Perahu-perahu Papua yang dikembangkan oleh orang-orang Biak mengalami kemajuan pesat. Dengan perahu-perahunya itu orang Biak dapat mencapai Maluku Utara (Halmahera), pulau Sarana dan Ambon (Maluku Selatan). Demikian juga penduduk pantai Irian Utara yaitu di Teluk Tanah Merah dan Jayapura adalah pendukung-pendukung kebudayaan perahu atau merupakan pelaut-pelaut yang ulung. Ragam-ragam hias yang dipergunakan di sekitar Danau Sentani yaitu ragam hias geometris berupa pilin berganda, cukilan-cukilan (Sutaarga, 1974).
Selain bentuk-bentuk perahu yang ditemukan di pantai Papua dan di Danau Sentani ditemukan juga gambar-gambar atau lukisan perahu yang begitu unik dijumpai oleh para ahli antropologi dan arkeologi di gua-gua karang Papua. Bentuk-bentuk perahu yang dibuat sebagai lukisan ini dengan stilir indah.

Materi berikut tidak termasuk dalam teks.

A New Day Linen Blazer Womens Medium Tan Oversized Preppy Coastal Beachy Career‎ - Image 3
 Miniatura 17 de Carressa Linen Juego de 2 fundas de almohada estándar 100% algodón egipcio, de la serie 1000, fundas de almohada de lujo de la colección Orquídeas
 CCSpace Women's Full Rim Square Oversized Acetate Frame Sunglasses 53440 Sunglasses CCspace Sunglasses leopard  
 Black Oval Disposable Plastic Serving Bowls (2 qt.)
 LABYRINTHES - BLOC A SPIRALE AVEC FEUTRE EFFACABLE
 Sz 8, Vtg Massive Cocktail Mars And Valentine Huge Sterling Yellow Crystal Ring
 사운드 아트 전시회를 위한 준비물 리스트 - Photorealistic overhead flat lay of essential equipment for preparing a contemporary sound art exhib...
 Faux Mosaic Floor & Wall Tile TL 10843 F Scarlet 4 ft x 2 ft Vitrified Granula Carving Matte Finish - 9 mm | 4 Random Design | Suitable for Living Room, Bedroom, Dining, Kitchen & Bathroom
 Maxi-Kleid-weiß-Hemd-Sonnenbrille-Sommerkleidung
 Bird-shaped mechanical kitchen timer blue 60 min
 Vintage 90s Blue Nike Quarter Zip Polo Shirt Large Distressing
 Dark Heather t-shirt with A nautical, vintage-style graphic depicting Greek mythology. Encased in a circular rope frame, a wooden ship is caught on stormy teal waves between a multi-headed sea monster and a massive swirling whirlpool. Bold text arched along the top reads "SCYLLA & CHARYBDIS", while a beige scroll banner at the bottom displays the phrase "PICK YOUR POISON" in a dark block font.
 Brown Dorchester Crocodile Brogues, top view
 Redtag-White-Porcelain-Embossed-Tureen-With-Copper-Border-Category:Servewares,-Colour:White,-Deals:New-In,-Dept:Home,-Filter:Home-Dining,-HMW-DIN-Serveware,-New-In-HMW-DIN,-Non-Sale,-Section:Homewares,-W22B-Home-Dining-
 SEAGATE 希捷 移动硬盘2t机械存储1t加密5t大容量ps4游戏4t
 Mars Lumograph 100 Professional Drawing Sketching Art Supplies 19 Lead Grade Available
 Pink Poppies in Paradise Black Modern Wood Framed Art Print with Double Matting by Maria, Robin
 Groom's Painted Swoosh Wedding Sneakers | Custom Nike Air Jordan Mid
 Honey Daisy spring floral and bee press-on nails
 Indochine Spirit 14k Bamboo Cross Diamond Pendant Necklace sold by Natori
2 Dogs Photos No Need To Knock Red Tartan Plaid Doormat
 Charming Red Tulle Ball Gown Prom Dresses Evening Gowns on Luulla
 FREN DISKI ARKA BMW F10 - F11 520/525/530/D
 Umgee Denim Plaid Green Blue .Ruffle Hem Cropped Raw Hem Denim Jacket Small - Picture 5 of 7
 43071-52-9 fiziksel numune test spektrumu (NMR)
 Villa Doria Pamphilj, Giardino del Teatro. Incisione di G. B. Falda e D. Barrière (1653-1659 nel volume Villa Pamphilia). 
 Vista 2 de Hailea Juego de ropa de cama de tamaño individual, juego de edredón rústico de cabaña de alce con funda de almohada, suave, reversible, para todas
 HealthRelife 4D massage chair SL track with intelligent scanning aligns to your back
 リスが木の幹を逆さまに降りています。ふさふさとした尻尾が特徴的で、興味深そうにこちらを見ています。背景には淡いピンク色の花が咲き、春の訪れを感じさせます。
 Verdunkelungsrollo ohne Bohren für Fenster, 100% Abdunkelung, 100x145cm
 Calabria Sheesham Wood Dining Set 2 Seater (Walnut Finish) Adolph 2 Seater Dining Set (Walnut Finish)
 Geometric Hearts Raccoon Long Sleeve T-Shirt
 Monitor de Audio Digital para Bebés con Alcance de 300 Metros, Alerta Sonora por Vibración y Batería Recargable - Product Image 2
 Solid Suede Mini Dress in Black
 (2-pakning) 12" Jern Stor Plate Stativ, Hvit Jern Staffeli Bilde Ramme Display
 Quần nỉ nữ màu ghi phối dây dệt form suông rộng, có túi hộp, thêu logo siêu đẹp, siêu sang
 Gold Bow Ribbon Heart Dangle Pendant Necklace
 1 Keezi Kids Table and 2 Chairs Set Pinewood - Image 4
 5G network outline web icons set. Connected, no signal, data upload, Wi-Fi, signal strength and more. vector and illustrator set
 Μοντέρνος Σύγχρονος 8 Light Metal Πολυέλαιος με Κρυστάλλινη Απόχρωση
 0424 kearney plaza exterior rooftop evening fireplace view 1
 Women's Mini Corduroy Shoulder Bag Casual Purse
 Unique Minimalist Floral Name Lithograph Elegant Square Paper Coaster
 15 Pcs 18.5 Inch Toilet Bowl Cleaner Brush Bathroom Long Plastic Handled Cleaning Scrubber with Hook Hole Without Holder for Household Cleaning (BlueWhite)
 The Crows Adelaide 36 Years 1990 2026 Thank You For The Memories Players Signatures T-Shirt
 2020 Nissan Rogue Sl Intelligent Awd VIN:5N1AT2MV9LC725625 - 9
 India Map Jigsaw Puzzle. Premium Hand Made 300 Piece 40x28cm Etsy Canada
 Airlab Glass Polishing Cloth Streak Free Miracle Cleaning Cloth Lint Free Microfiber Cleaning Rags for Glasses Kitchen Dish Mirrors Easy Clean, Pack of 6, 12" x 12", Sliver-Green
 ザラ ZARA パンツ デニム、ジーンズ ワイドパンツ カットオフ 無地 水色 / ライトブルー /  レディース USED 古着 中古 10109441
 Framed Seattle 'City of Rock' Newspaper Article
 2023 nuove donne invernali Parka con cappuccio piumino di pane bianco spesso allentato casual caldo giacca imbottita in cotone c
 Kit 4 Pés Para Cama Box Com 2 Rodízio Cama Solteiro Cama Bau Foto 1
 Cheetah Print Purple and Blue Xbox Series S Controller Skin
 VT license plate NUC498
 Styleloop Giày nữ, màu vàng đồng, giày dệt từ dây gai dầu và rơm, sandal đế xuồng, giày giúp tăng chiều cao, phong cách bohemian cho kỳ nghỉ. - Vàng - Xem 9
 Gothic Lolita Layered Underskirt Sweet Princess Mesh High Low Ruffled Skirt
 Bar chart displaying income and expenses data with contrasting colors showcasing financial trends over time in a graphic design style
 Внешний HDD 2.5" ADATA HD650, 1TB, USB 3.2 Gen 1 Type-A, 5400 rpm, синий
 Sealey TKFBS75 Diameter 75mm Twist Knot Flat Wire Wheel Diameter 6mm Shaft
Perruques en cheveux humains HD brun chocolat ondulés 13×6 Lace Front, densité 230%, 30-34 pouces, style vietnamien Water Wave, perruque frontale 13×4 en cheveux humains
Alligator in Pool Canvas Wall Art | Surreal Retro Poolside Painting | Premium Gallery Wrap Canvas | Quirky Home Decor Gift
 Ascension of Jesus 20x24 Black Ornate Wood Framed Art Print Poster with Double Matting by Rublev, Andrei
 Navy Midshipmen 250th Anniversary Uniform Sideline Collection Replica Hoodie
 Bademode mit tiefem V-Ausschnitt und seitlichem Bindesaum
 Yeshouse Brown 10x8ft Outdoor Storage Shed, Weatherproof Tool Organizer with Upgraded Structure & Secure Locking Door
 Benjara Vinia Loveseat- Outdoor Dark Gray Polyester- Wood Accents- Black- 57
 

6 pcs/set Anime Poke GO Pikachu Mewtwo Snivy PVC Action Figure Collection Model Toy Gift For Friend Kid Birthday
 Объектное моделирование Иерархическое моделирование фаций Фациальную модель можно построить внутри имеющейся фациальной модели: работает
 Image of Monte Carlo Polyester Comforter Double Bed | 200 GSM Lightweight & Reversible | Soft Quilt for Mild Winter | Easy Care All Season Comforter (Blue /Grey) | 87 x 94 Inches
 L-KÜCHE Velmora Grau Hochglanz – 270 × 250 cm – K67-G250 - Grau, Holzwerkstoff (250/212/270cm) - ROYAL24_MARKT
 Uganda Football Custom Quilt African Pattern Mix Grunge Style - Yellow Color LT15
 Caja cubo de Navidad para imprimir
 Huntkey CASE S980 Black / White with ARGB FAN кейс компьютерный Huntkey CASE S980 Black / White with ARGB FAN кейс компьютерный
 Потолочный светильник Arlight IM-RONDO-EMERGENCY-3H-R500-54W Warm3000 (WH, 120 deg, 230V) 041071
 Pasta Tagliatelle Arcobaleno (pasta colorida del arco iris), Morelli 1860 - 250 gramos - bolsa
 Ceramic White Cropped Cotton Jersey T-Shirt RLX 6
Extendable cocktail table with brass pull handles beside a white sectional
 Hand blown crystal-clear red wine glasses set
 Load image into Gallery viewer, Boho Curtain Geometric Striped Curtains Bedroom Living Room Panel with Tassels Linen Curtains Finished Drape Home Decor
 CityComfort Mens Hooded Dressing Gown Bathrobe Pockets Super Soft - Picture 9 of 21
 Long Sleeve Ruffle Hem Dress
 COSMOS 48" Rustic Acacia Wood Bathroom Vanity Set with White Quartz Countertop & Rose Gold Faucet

Sebuah perahu dilukiskan dengan haluan {bagian depan) yang mencuat ke atas dan sebuah lukisan berbentuk seperti dayung ada di bagian belakang (buritan). Perahu-perahu yang dilukiskan di gua telah diteliti oleh Holt (1967), dan Rosenfeld (1988). Gambar-gambar manusia yang menumpang pada perahu dibuat dengan bentuk sederhana,, skematis, dan kaku (skeptis). Sebuah perahu pendek melengkung digambarkan dengan 3 orang penumpang yang masing-masing memegang dayung.
Perahu dari gua-gua di daerah Papua tampaknya jauh lebih muda dibandingkan dengan perahu-perahu yang dibuat dengan warna cat merah dari Sulawesi Tenggara dan Sulawesi Selatan. Estimasi ini berdasarkan penampilan bentuk lukisan di mana di Papua bentuk lukisan telah begitu maju dengan bentuk- bentuk yang lebih raya dan daya cipta yang tinggi ¡penuh variasi. Sementara bentuk lukisan perahu di Sulawesi jauh lebih sederhana.